Your Ring Bearer
The Tradition & Duties of the Ring Bearer

The ring bearer is generally a boy aged four to eight. He can be a close friend’s or relative’s child, or, if this is your second marriage and you have children, one of your own. His official role is to bring the rings (adorned on a pillow) down the altar, immediately preceding the flower girl. In most cases, the rings are fake, and sewed on—the best man has the real jewels. If the child you chose is precocious, by all means have him bring the official rings down the aisle; you can even have someone from the sidelines exchange pillows with him immediately before he takes his place for the vows. As for the pillow itself, it’s usually in a style to match the ring bearer’s outfit or the colors of the wedding.

Lord of the rings.
Make sure to include the ring bearer in the rehearsal dinner. Stage fright hits kids too, and it’s essential he’s not uncomfortable with the task. As for outfits, he’s usually dressed in a suit similar to the groomsmen or the overall wedding theme (any attire store will have oodles of ring bearer ideas). Whatever outfit you chose, the most important thing to remember is to have it match the formality of the occasion. You’ll need to have him try on his clothes in advance, as children can be quite squeamish in formal attire.
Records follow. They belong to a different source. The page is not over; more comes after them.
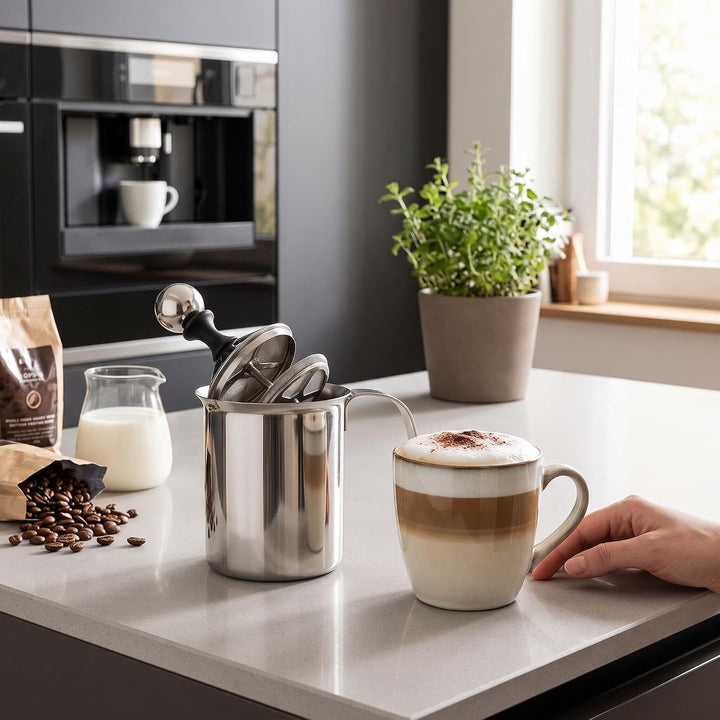 Milchaufschäumer Manuell, Milchschäumer Hand Double Mesh Milchschaum Edelstahl Milk Frother Milchsch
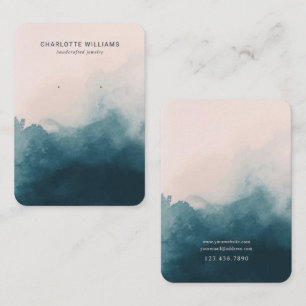 Blush en Navy Ombre Sieraden Display Kaart Visitekaartje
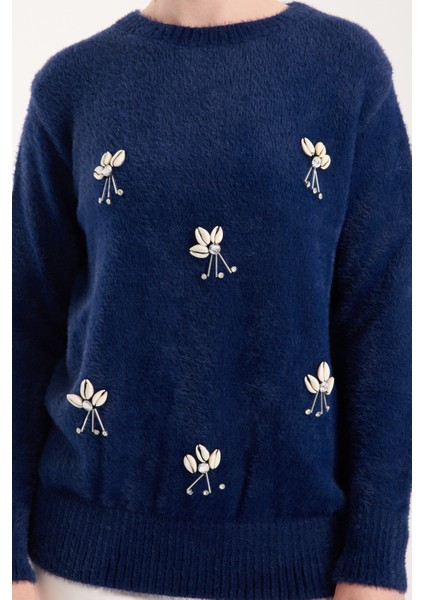 Kadın Koyu Laci Sakal Iplik Önü Aksesuarlı Bisiklet Yaka Triko Kazak modelleri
There’s no rule that says a ring bearer is required for your ceremony, just as there’s no official rule that it has to be a boy. If, for whatever reason, there’s no male child for the job, you can have a young girl perform the duty. Dress her up similar to the flower girl. You can also double the job up: The flower girl can have a ring pillow tucked into her basket.

Boy bands.
There’s been a trend of late to have pets as ring bearers—dogs tend to be the most reliable. If you can train Fido to carry the pillow on cue, give it a try. It’s usually best to have the ring pillow tied on him in decorative floral bows, as opposed to letting him munch on the karats. No matter how many times you rehearse this procedure, have an alternate plan. Even the most well trained animals are adverse to big crowds.

If there are two boys you’re close to, think about having the other one be a page; a job that requires him to hold the bride’s train. Or get really creative and have two ring bearers; one holding the bride’s ring, the other, the groom’s. It’s a way of doubling your pleasure and their fun.